Task instructions :: Only the lines below between the ones containing "Miniatura YouTube dla" and "Guardian Clear Assorted", inclusive, are to be reproduced, each exactly as it stands.

Dataset records ::
• • • •
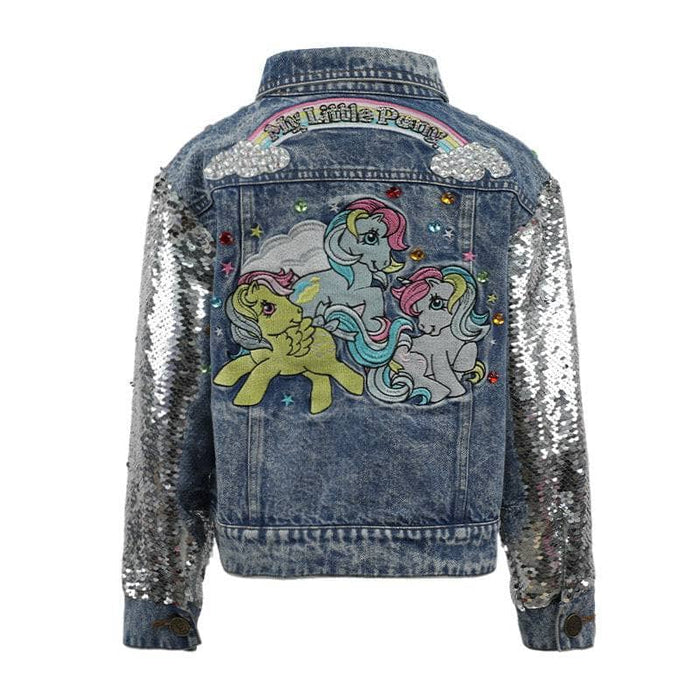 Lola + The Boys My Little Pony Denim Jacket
• • • •
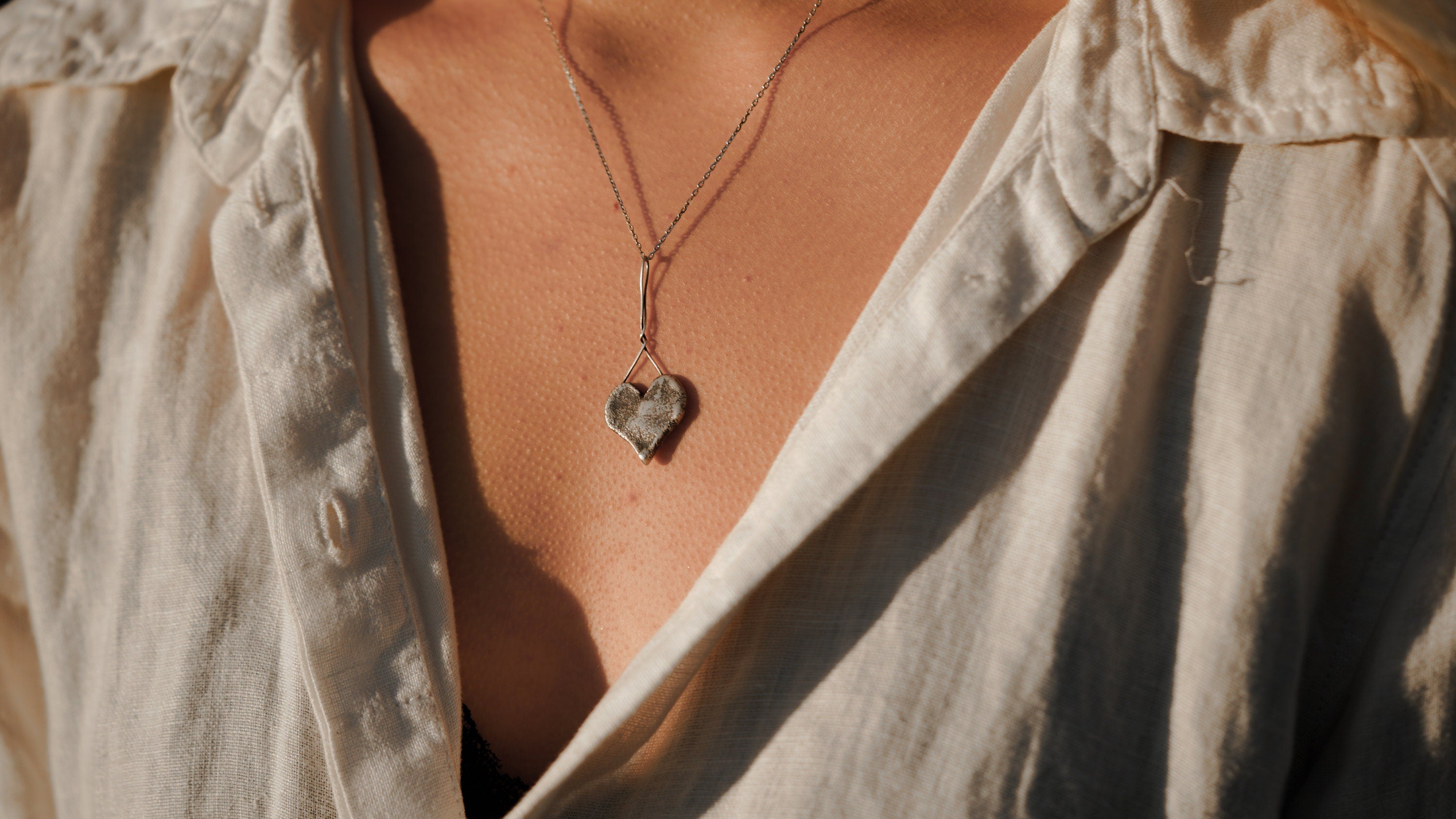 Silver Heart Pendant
• • • •
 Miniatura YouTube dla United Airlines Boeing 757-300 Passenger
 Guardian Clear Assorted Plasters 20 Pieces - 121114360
• • • •
Written response ::
 Miniatura YouTube dla United Airlines Boeing 757-300 Passenger
 Guardian Clear Assorted Plasters 20 Pieces - 121114360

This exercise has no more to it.